De 2004 à 2007, jeux de société, cadavres exquis picturaux, actions humanitaires, peintures en DIY (Do It Yourself), lui permettent de multiplier les expérimentations sociales au point d’en éprouver de moins en moins le besoin de recourir au prétexte initial de la peinture.

En 2008, il abandonne celle-ci provisoirement avec Le chant des pistes, une errance autour du monde qui se poursuit jusqu’en 2010.

En 2011, l’historien de l’art Paul Ardenne, l’invite à présenter le Compte-rendu de son voyage à l’Espace Vuitton à Paris. Marqué par la crise financière, il y propose une installation qui inaugure une série d’œuvres minimalistes dans lesquelles le texte tient une place prépondérante et qui constituent une façon poétique de négocier avec les réalités d’un monde en mutation.
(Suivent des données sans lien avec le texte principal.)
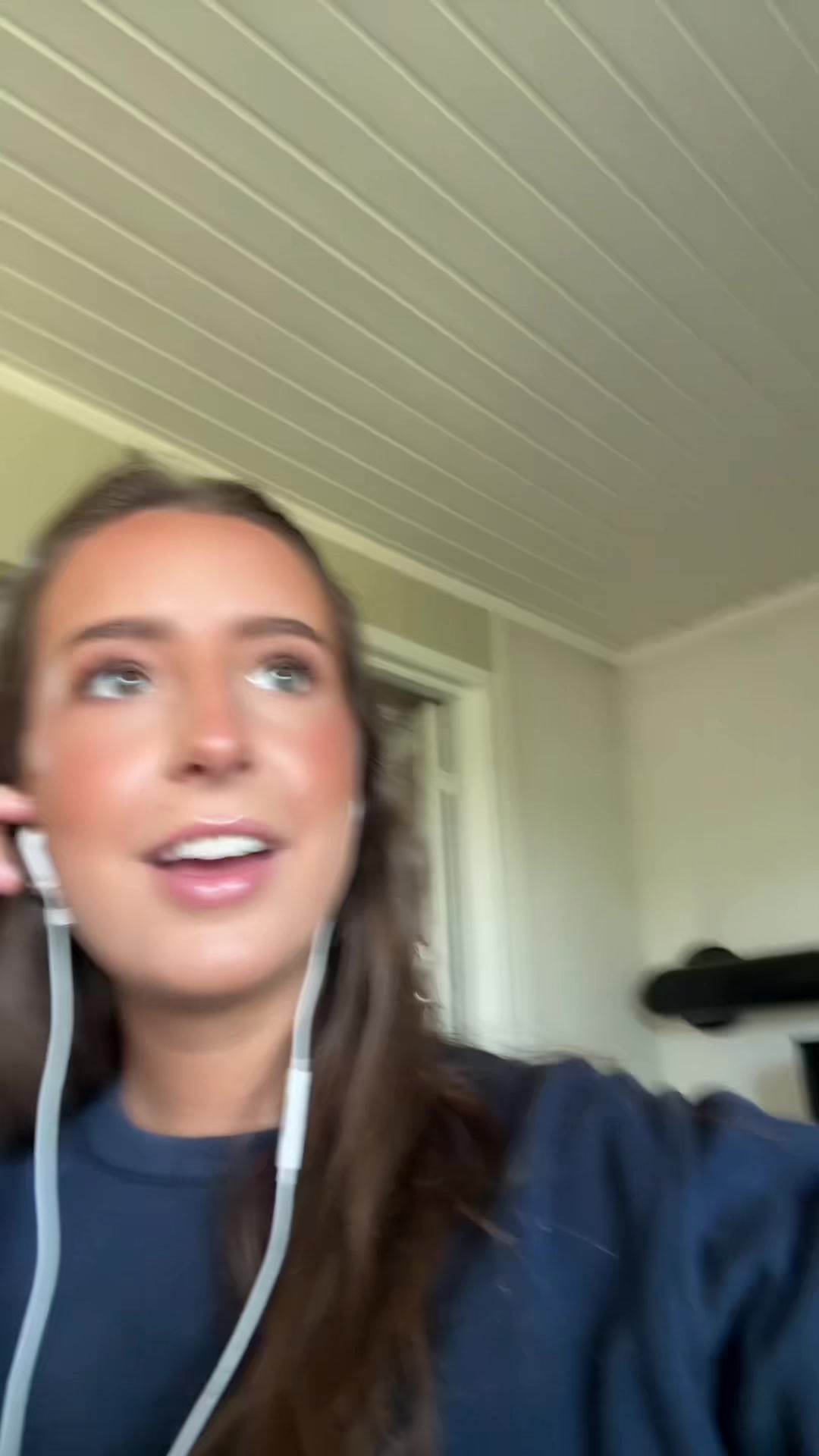 @ELINE BERG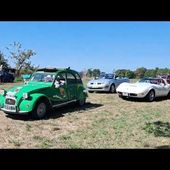 SBT17120 - FÊTE DU PATRIMOINE ET DES TRADITIONS POPULAIRES 2025- FORÊT DE VALLERET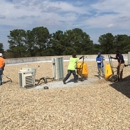 Industrial Commercial Roofing - Construction Consultants
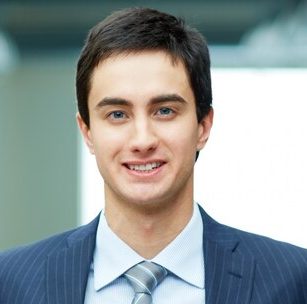 James Wilson, Manufacturing Lead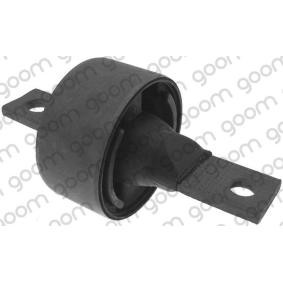 Compre Bucha de eixo de GOOM online para CRX III (EH, EG) a preços moderados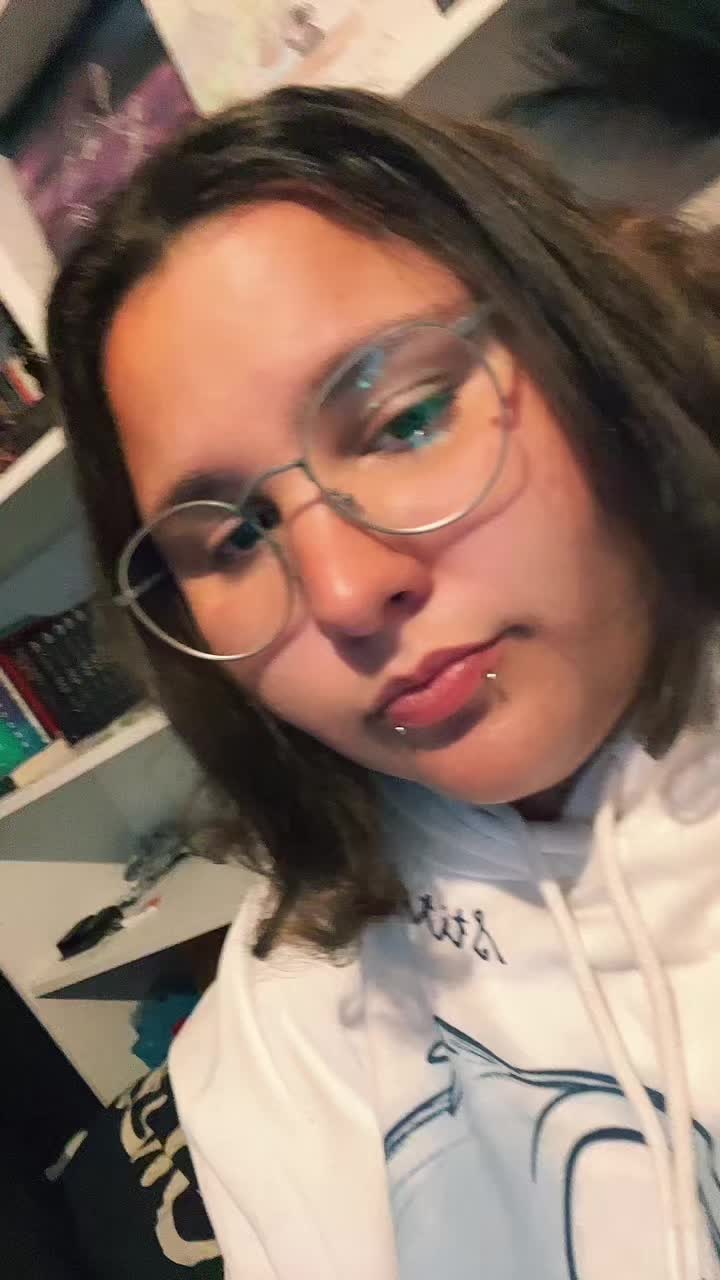 @Vivi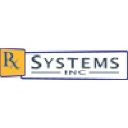 Rx Systems, Inc.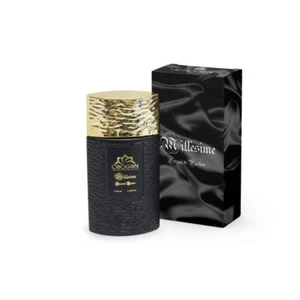 Chogan 388 Millesime Men's Scent Perfume Homme Eau Extrait De Perfume New 35 ML - Picture 1 of 1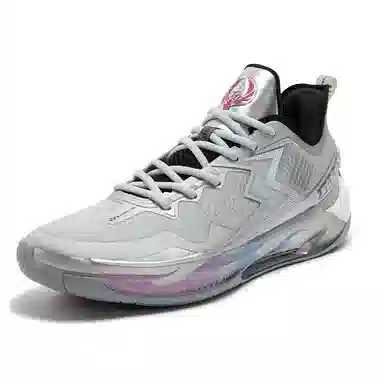 361° BIG3 5.0 Quick PRO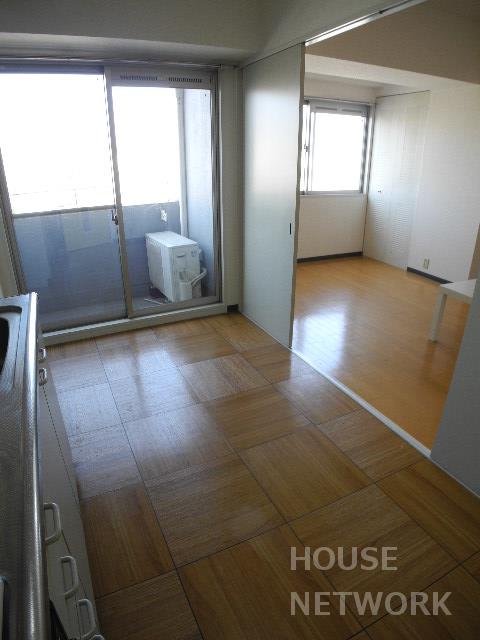 部屋画像9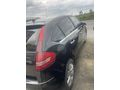 Galeriden Citroen C4 1.6 HDi SX 2006 Model Rize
À partir de 2010, il se rend ainsi dans de nombreux pays : Islande, Grèce, Portugal, Espagne, Italie pour réaliser dans une grande sobriété de moyens des œuvres multiformes qu’il expose ensuite en galeries et centres d’art.

La peinture est pour un temps une pratique annexe. Mais dans cette relation d’amour haine engagée dès le début avec elle, se joue quelque chose qui le dépasse et continue à le fasciner. Dès 2012, il découpe ses toiles, les coud, les colle, les recompose. De 2013 à 2015, en clin d’œil à sa peinture partagée, il en inverse le procédé pour inoculer son Pictovirus aux œuvres de ses voisins d’ateliers avant de repartir en 2017 à la rencontre du public pour l’exposition à l’Espace Bagouet.